La légalité, le strict respect de l’éthique et la déontologie doivent caractériser le métier du journalisme

Le mercredi 07 octobre 2020, les travaux de l’atelier de formation des journalistes et acteurs des médias se sont poursuivis à Royal Palace Hôtel en Mairie de Bujumbura.  Pendant cette 2ème journée de travail, les journalistes ont été demandés de travailler dans la légalité et le strict respect de l’éthique et la déontologie de leur profession et bien collaborer avec les autorités administratives. Deux thématiques fondées sur l’éthique du journalisme et protection des droits de l’homme et le monitoring et rapportage des cas de violations des droits de l’homme présentés respectivement par Mr J. Claude NTIZOYIMANA et Mr. Didier NDAMUKUNDA.  Les participants ont pris le temps d’échanger sur le développement d’une politique des médias qui permette, plus encore que la loi, de créer pour l’information un climat respectueux de la déontologie et des droits de l’homme ainsi que les défis rencontrés par les journalistes dans leur métier de monitoring et documentation des cas de violations de droits de l’homme.

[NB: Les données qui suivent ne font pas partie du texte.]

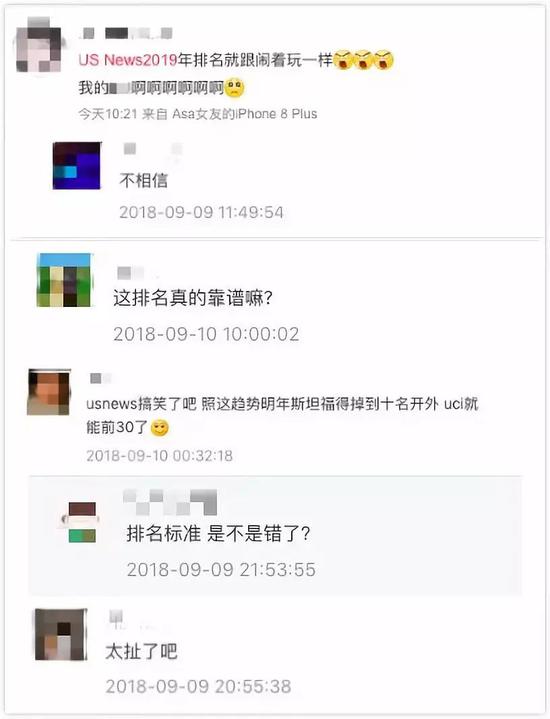 图源：日报君评论+微博截图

En introduisant son module, Mr J. Claude NTIZOYIMANA a bien indiqué que les médias jouent un rôle très important dans la protection des droits de l’homme. Ils révèlent des violations des droits de l’homme et permettent à différentes voix de se faire entendre dans le discours public. C’est à juste titre que les médias constituent le quatrième pouvoir, car ils sont un complément essentiel aux pouvoirs exécutif, législatif et judiciaire. Mais ces derniers peuvent devenir des menaces pour le fonctionnement de la démocratie s’ils sont instrumentalisés. Il a indiqué que le travail des journalistes et des rédacteurs en chef ne consiste pas à relayer des intérêts particuliers quand bien même ces intérêts se confondent avec la défense des droits de l’homme mais qu’en travaillant en vrais professionnels, ils peuvent contribuer à la construction d’une société meilleure.

Il définit le journalisme éthique comme la façon dont les journalistes, les rédacteurs en chef et autres professionnels des médias commentent les événements qui façonnent la vie des gens. Pour examiner le lien entre les principes déontologiques du journalisme et les droits de l’homme, il faut s’interroger sur le lien entre ces notions et les valeurs, la morale et la loi. Concernant les restrictions juridiques au journalisme, le facilitateur a explicité l’accès à l’information et le droit de savoir; la diffamation; le blasphème; le droit à la vie privée; protection des sources, sécurité et terrorisme ainsi que le discours de haine. En ce qui concerne le journalisme éthique face à la loi, le facilitateur a parlé du code de conduite et l’autorégulation.

Le facilitateur a conclu son module en disant que les gouvernements devraient prendre des mesures pour sensibiliser à l’importance de l’information éthique, de la responsabilité personnelle et de la contribution apportée par le journalisme et la protection de droits de l’homme à la création des conditions nécessaires à la mise en œuvre de la liberté d’expression. Ces mesures pourraient notamment consister à soutenir les programmes d’éducation aux médias et la formation des professionnels.

Partant du deuxième module portant sur le monitoring et rapportage des cas de violations des droits de l’homme, Mr. Didier NDAMUKUNDA, a montré, en introduisant son exposé, les faits des défenseurs des droits de l’homme  comme les actions d’aider les victimes de violations des droits de l’homme ; agir pour défendre le principe de responsabilité et mettre fin à l’impunité ; s’engager en faveur d’une meilleure gouvernance et d’une meilleure politique pour ne citer que cela. Il a ensuite indiqué que l’activité principale d’un  journaliste consiste à collecter, traiter et transmettre les nouvelles informations et opinions du public et que le journaliste exerce son métier en toute indépendance et en toute responsabilité sur l’ensemble du territoire national du Burundi. Il a terminé son travail en indiquant les techniques servant à bien mener une documentation (monitoring et rapportage).

Après les exposés, est venu alors le moment des interventions. Les participants ont posé des questions en rapports avec les thématiques déjà abordés et des réponses satisfaisantes ont été émises. Généralement parlant, toutes les interventions étaient centrées sur la déontologie du journalisme.  Selon les participants, la manque des moyens pour se rendre sur terrain,  l’intimidation et persécution après ou  pendant le monitoring ou après diffusion et la partialité de certains journalistes  dans la documentation des cas de violation des droits humains, … sont parmi les défis rencontrés par les journalistes dans leur métier de monitoring et documentation des cas de violence des droits de l’homme. Ils appellent les autres journalistes  à travailler dans la légalité et le strict respect de l’éthique et la déontologie de leur profession et bien collaborer avec les autorités administratives afin de contribuer dans la promotion et protection des droits de l’homme.

Les activités de cette deuxième journée ont été clôturées, dans un climat à bon enfant,  par une prière et l’hymne de l’AJAP.